さて、耐震性能の低下の問題は、大変難しい問題です。再計算に再計算を重ね、慎重に判断されなくてはなりません。最初の耐震偽装において、この判断が慎重であったかは微妙です。また、閾となった数値についても異論があるようで、なぜ、あの時、あのような判断になったのかは、充分に検討しておかなくてはいけなかったことだと思います。

この計算には様々な変動しうる要素がからんでいます。そのため、計算のしかたで結果が異なってしまいます。この異なる結果をどのように合理的に評価すべきかということが問題です。

計算が下手だと、いくら強い建物を設計しても、基準をクリアできません。一方、計算を上手に行えば、高い耐震性能を証明することができます。おそらく、許された範囲で最高の数値を、様々な組み合わせの中から算出するのが、腕の見せ所なのだと思います。

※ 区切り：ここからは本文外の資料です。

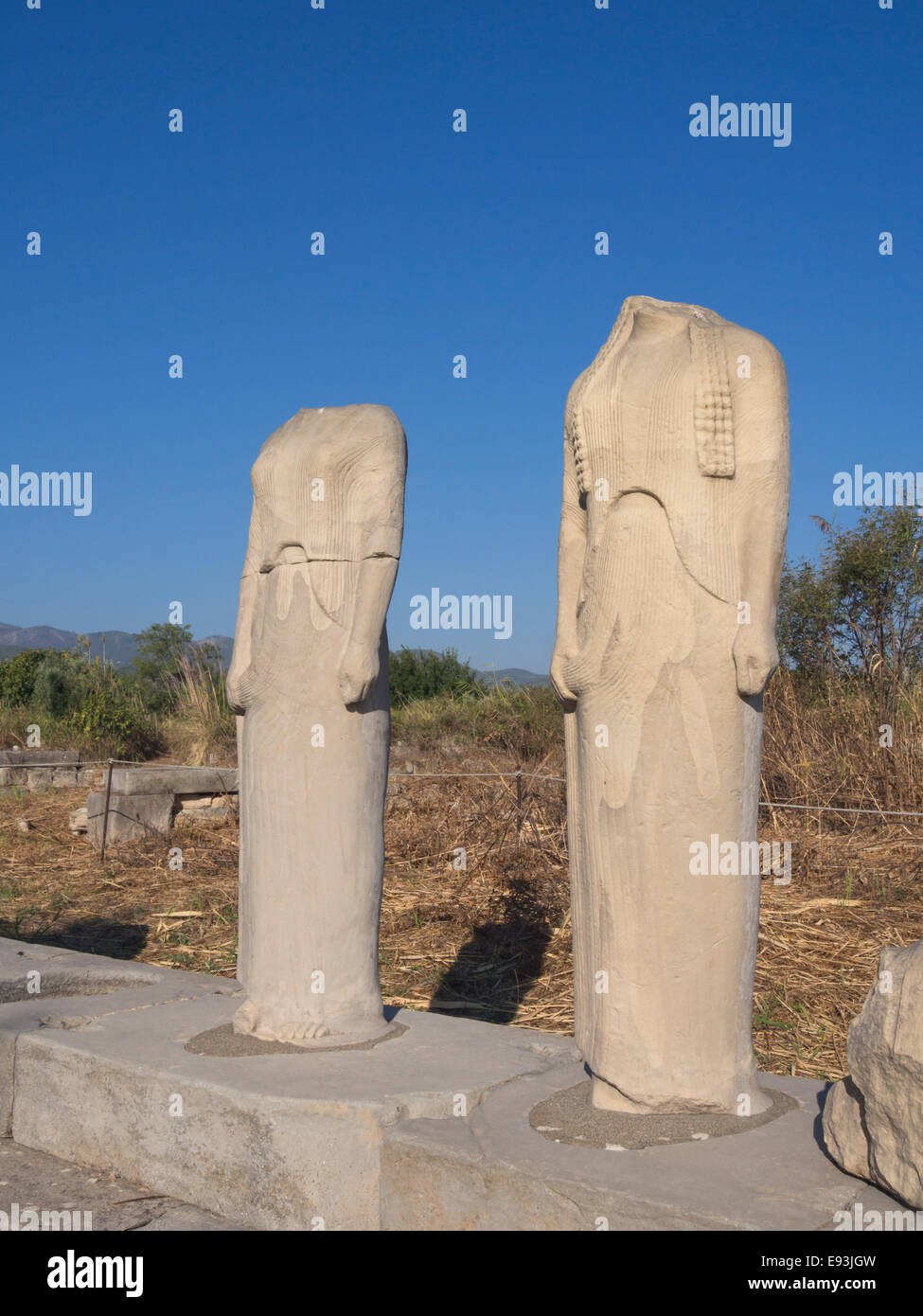 Heraion de Samos, grand sanctuaire de la déesse Héra à Samos en Grèce, un UNESCO World Heritage Site, sculptures Banque D'Images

その腕の見せ所で、書類の改ざんという手続き違反が行われました。しかも故意に。そこが問題になっています。

直ちに、建物の耐震性能が問題になっているわけではありません。実際、再計算によって、適法な耐震性能が確認されている物件もあるようです。また、耐震性能が低下しているとされる物件でも対応可能な程度の軽微なものもあるようです。

しかし、公共施設では、使用を中止するような反応が起こっています。この対応については、少し冷静に考えてみる必要があるように思います。使用中止には損害がともないます。その損害をどのように補償するかも問題です。

起きてしまった災害の使用中止と同じように取り扱うわけには行かないと思います。あくまで、担当者による判断による使用中止です。

また、今のところ、特定行政庁が使用の中止を命令すべき程の深刻さはないようです。だとすると、あくまで所有者として自主的に使用の見合わせを判断したにすぎないことになります。

もし、耐震性能の安全が確認されたとして、単純に使用を再開すればいいだけの問題なのでしょうか?

これは、「手続きには問題があるが、性能には問題がない」という物件に対応できるようなシステムがないための混乱です。

建築士を処断することとは別に、物件をいかに取り扱うべきかという視点が欠けています。

一旦は「適法」とされ、完成し使用されている物件への対応方法が、いまだに整備されていません。また、既存不適格が放置同然であることに比べ、この手続き違反への対応は、バランスが欠けています。

最初の耐震偽装から2年になろうとしています。しかし、こうした問題に関しては、何も学べてはいないのかもしれません。